(Source data)
━━━━━━━━━━
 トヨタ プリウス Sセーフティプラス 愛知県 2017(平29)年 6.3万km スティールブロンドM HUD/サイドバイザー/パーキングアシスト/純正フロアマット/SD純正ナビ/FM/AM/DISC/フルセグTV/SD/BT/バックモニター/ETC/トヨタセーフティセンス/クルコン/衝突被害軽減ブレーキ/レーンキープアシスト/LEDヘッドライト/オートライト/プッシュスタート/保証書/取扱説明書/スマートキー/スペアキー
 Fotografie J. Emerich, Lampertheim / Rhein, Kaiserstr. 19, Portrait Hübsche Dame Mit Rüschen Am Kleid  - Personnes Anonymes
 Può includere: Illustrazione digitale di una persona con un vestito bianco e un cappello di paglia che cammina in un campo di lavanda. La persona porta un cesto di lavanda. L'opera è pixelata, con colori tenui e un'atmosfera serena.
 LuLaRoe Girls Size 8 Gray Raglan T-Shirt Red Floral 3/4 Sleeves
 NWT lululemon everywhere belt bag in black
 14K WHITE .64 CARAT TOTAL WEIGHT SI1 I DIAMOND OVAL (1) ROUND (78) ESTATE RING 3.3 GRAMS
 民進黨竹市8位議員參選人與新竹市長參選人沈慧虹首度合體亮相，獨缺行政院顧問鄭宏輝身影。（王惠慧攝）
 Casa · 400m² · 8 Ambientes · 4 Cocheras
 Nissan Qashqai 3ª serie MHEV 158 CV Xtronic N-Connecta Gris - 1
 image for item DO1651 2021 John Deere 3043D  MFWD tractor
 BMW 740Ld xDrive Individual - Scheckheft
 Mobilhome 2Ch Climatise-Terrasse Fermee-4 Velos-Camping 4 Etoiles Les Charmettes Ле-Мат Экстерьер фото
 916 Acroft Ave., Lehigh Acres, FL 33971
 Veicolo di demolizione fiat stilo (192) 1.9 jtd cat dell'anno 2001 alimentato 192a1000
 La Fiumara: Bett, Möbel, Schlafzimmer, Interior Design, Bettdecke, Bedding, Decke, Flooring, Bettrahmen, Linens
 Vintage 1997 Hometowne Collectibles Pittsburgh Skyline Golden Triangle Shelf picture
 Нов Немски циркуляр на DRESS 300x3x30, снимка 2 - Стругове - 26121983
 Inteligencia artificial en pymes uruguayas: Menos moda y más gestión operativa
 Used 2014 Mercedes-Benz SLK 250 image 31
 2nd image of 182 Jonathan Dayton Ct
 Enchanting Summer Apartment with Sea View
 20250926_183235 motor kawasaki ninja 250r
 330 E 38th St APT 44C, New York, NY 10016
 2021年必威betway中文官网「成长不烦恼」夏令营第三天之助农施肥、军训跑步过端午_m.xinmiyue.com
━━━━━━━━━━
__Problem description__.
For this exercise, retype each entry from above exactly as it stands.

__Solution to this exercise__.
 トヨタ プリウス Sセーフティプラス 愛知県 2017(平29)年 6.3万km スティールブロンドM HUD/サイドバイザー/パーキングアシスト/純正フロアマット/SD純正ナビ/FM/AM/DISC/フルセグTV/SD/BT/バックモニター/ETC/トヨタセーフティセンス/クルコン/衝突被害軽減ブレーキ/レーンキープアシスト/LEDヘッドライト/オートライト/プッシュスタート/保証書/取扱説明書/スマートキー/スペアキー
 Fotografie J. Emerich, Lampertheim / Rhein, Kaiserstr. 19, Portrait Hübsche Dame Mit Rüschen Am Kleid  - Personnes Anonymes
 Può includere: Illustrazione digitale di una persona con un vestito bianco e un cappello di paglia che cammina in un campo di lavanda. La persona porta un cesto di lavanda. L'opera è pixelata, con colori tenui e un'atmosfera serena.
 LuLaRoe Girls Size 8 Gray Raglan T-Shirt Red Floral 3/4 Sleeves
 NWT lululemon everywhere belt bag in black
 14K WHITE .64 CARAT TOTAL WEIGHT SI1 I DIAMOND OVAL (1) ROUND (78) ESTATE RING 3.3 GRAMS
 民進黨竹市8位議員參選人與新竹市長參選人沈慧虹首度合體亮相，獨缺行政院顧問鄭宏輝身影。（王惠慧攝）
 Casa · 400m² · 8 Ambientes · 4 Cocheras
 Nissan Qashqai 3ª serie MHEV 158 CV Xtronic N-Connecta Gris - 1
 image for item DO1651 2021 John Deere 3043D  MFWD tractor
 BMW 740Ld xDrive Individual - Scheckheft
 Mobilhome 2Ch Climatise-Terrasse Fermee-4 Velos-Camping 4 Etoiles Les Charmettes Ле-Мат Экстерьер фото
 916 Acroft Ave., Lehigh Acres, FL 33971
 Veicolo di demolizione fiat stilo (192) 1.9 jtd cat dell'anno 2001 alimentato 192a1000
 La Fiumara: Bett, Möbel, Schlafzimmer, Interior Design, Bettdecke, Bedding, Decke, Flooring, Bettrahmen, Linens
 Vintage 1997 Hometowne Collectibles Pittsburgh Skyline Golden Triangle Shelf picture
 Нов Немски циркуляр на DRESS 300x3x30, снимка 2 - Стругове - 26121983
 Inteligencia artificial en pymes uruguayas: Menos moda y más gestión operativa
 Used 2014 Mercedes-Benz SLK 250 image 31
 2nd image of 182 Jonathan Dayton Ct
 Enchanting Summer Apartment with Sea View
 20250926_183235 motor kawasaki ninja 250r
 330 E 38th St APT 44C, New York, NY 10016
 2021年必威betway中文官网「成长不烦恼」夏令营第三天之助农施肥、军训跑步过端午_m.xinmiyue.com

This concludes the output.